#### Raw data:
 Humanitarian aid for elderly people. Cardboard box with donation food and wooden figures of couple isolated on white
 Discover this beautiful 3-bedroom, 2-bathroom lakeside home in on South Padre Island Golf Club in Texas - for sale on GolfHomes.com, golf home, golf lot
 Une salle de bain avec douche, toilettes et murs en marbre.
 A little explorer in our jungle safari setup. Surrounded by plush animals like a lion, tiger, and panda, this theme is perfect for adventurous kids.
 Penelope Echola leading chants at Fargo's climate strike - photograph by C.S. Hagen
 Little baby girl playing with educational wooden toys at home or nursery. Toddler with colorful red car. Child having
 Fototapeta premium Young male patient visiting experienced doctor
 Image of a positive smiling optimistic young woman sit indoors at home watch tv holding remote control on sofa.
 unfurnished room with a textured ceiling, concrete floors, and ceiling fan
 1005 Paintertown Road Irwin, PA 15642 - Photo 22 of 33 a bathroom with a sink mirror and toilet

#### Exercise instructions:
Your answer must be the lines from the one that contains "Little baby girl" through the last line of the entries above, copied exactly, with no other lines.

#### Result:
 Little baby girl playing with educational wooden toys at home or nursery. Toddler with colorful red car. Child having
 Fototapeta premium Young male patient visiting experienced doctor
 Image of a positive smiling optimistic young woman sit indoors at home watch tv holding remote control on sofa.
 unfurnished room with a textured ceiling, concrete floors, and ceiling fan
 1005 Paintertown Road Irwin, PA 15642 - Photo 22 of 33 a bathroom with a sink mirror and toilet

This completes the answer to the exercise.